Berbagai jenis upacara – upacara
selalu tidak terlupakan bagi masyarakat, seperti upacara tingkepan atau mitoni, masyarakat
selalu memilih tanggal, hari guna kebaikan bagi cakal bikal sang jabang bayi. Bukan hanya itu bahkan banyak bahan – bahan
yang disediakan dalam presepsi, seperti buah-buahahan, aneka bubur, sepasang
ayam, nasi kuning dan yang paling unik dari bahan – bahan yaitu 2 buah kelapa yang
digambari 2 pasang wayang, Kama Jaya dan Kama Ratih.
B. Rumusan Masalah
1. Apa pengertian dan ciri – ciri kearifan lokal ?
2. Apa saja kearifan lokal yang ada di
daerah Mojokerto ?
3. Bagaimana pula fungsi dan makna kearifan
lokal yang ada di daerah Mojokerto ?
C. Tujuan
1. Menjelaskan denfinisi dan ciri – ciri dari kearifan lokal
2. Menyebutkan beberapa jenis kearifan lokal yang ada di Mojokerto
tepatnya kecamatan Gondang, desa Wonoploso
3. Mengetahui fungsi serta makna yang terkandung dalam kearifan
lokal yang ada di desa Wonoploso
BAB II
ISI
Budaya
Jawa mempunyai peranan penting dalam budaya Indonesia, termasuk bahasanya.
Bahasa Jawa menjadi salah satu pendukung atau pemerkaya bahasa Indonesia.
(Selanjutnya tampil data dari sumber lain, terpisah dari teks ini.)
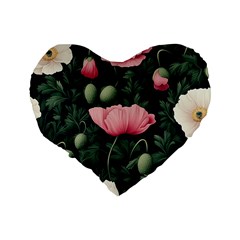 Poppy Flower Plant Petals Bloom Standard 16  Premium Heart Shape Cushions from ArtsNow.com Back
Tidak
sedikit kosakata bahasa Jawa menjadi warga bahasa Indonesia. Untuk itu, tidak
berlebihan jika bangunan bahasa Indonesia ditopang oleh bahasa Jawa. Kearifan
lokal, terdiri dari dua kata yaitu kearifan (wisdom) atau kebijaksanaan dan
lokal (local) atau setempat. Jadi kearifan lokal adalah gagasan setempat yang
bersifat bijaksana, penuh kearifan, bernilai baik, yang tertanam dan diikuti
oleh anggota masyarakatnya.
Menurut Gobyah nilai terpentingnya adalah kebenaran yang telah mentradisi atau ajeg dalam suatu daerah. Secara konseptual, kearifan lokal dan keunggulan lokal merupakan kebijaksanaan manusia yang bersandar pada filosofi nilai-nilai, etika, cara-cara dan perilaku yang melembaga secara tradisional.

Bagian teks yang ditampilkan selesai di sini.